A vida prática, na colônia, forçava que todos relaxassem a lei. O número de mulheres brancas era muito menor do que o de homens na composição da elite. Em Minas Gerais, centro econômico do país durante quase todo o século 18, metade dos habitantes eram escravos. Em 1776, 60% da população era composta por homens. Mulheres brancas compunham apenas 8% dos mineiros. Boa parte dos casamentos entre pessoas livres, portanto, não se dava no papel e os relacionamentos estáveis entre homens brancos e mulheres negras eram a regra, não a exceção. O poeta inconfidente Inácio José de Alvarenga Peixoto casou-se com uma moça tida como uma das mais belas da elite local, Bárbara Heliodora, descendente dos bandeirantes que descobriram o ouro. Já tinham filhos quando finalmente um padre amigo os casou. Outro poeta revolucionário, Tomás Antônio Gonzaga, engatou uma longa relação com Maria Joaquina Anselma de Figueiredo, loura disputadíssima em Vila Rica. Teve com ela um filho e lhe dedicou alguns dos mais bonitos poemas de amor em português.
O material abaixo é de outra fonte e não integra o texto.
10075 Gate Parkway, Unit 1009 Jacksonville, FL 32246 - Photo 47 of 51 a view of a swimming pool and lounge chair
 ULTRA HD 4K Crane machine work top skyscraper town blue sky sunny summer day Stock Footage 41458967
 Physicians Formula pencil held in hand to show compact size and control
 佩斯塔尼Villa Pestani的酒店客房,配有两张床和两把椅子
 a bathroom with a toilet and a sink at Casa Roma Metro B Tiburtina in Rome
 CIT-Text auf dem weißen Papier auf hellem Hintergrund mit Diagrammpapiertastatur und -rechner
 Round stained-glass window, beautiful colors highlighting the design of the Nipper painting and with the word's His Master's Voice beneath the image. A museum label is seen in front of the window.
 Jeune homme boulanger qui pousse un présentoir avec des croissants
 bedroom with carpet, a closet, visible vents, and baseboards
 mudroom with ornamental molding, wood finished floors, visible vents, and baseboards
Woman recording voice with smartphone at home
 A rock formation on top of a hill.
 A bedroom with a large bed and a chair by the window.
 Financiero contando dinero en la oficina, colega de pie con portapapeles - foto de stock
Os historiadores a apelidaram de Marília loura, por ser uma das duas inspiradoras do Dirceu que ele encarnava em versos. Gonzaga era o número dois da administração portuguesa em Minas. Quando o número um, o governador Luís da Cunha Meneses, se mostrou interessado, Anselma virou as costas para o poeta. E este, com raiva, escreveu contra seu adversário as Cartas Chilenas nas quais Meneses se torna o corrupto governador Fanfarrão Minésio. A moça também teve com o segundo namorado outro filho. Nada disso era segredo na capital da província, e a atual Ouro Preto era a maior cidade das Américas. O terceiro poeta, Cláudio Manuel da Costa, jamais casou no papel, mas passou a vida com Francisca Arcângela de Sousa, uma escrava alforriada com quem teve cinco filhos. Xica da Silva, no Arraial do Tejuco, atual Diamantina, pode parecer exceção, mas não era. Metade das casas daquela cidade pertenciam a mulheres que haviam nascido escravas e se envolveram com homens da elite, quase sempre mais velhos, e que lhes deixavam por herança filhos, dinheiro e propriedades.
 
 É impossível julgar, em cada um destes casos, onde há amor e onde há violência. Pois, em troca de sexo, garantiram cada uma destas mulheres não só deixar a senzala, com uma vida mais digna para elas e os filhos.
 
 Embora a letra dura da lei fosse rígida, o conceito de honra e da liberdade sexual tinha sua fluidez, principalmente no povo, mas até mesmo na elite. Quem sofria particularmente eram as crianças. Quando engravidavam fora do casamento, as mulheres da elite sumiam por um tempo e os bebês recém-nascidos eram colocados nas rodas de expostos de conventos, dados sem muito destino. O primeiro filho de Anselma foi dado a um casal para que o criasse. Quando ela engravidou de Cunha Meneses, o governador a fez se casar com um militar, a quem subornou para assumir a criança. Mulheres negras que porventura ganhassem a alforria sem casar com o antigo senhor tinham só um jeito para o sustento: oferecer o corpo. Em muitas formas que não apenas o estupro, dos mais pobres aos mais ricos, a violência sexual contra a mulher era a norma.
 
 A violência ligada ao sexo, por séculos, foi o pano de fundo do cotidiano brasileiro.

Quem é a vítima?

O estupro só ganhou o nome de estupro em 1890, quando o Brasil já era republicano. Permaneceu um crime que atingia a “segurança da honra, honestidade das famílias e do ultraje público”. Em 1940, modernizada, a lei o enquadrou entre “os crimes contra os costumes”. Ou seja, o crime ainda não era contra sua vítima e sim contra os valores da sociedade.
 
 É a marca afonsina. Filipina. Colonial. Imperial. Chocantemente velha. A vítima não sofre pela violência brutal. Sofre pelo que vão pensar dela. Uma mulher desonrada.
 
 A civilidade só veio em 2009, quando o Código Penal enxergou estupro como um crime “contra a dignidade sexual”.
 
 Contra a dignidade humana.
 
 Faz sete anos. E isso diz muito sobre nós.
 
 Quando se duvida do estupro de uma adolescente porque é ativa sexualmente, há motivo. Por quase toda a história, mulheres que não tivessem um comportamento casto e submisso eram mulheres de quem se deve desconfiar. 450 anos de Brasil pesam sobre nós. Sobre como pensamos. Sobre nossos costumes.
 
 É assim que nasce a cultura do estupro.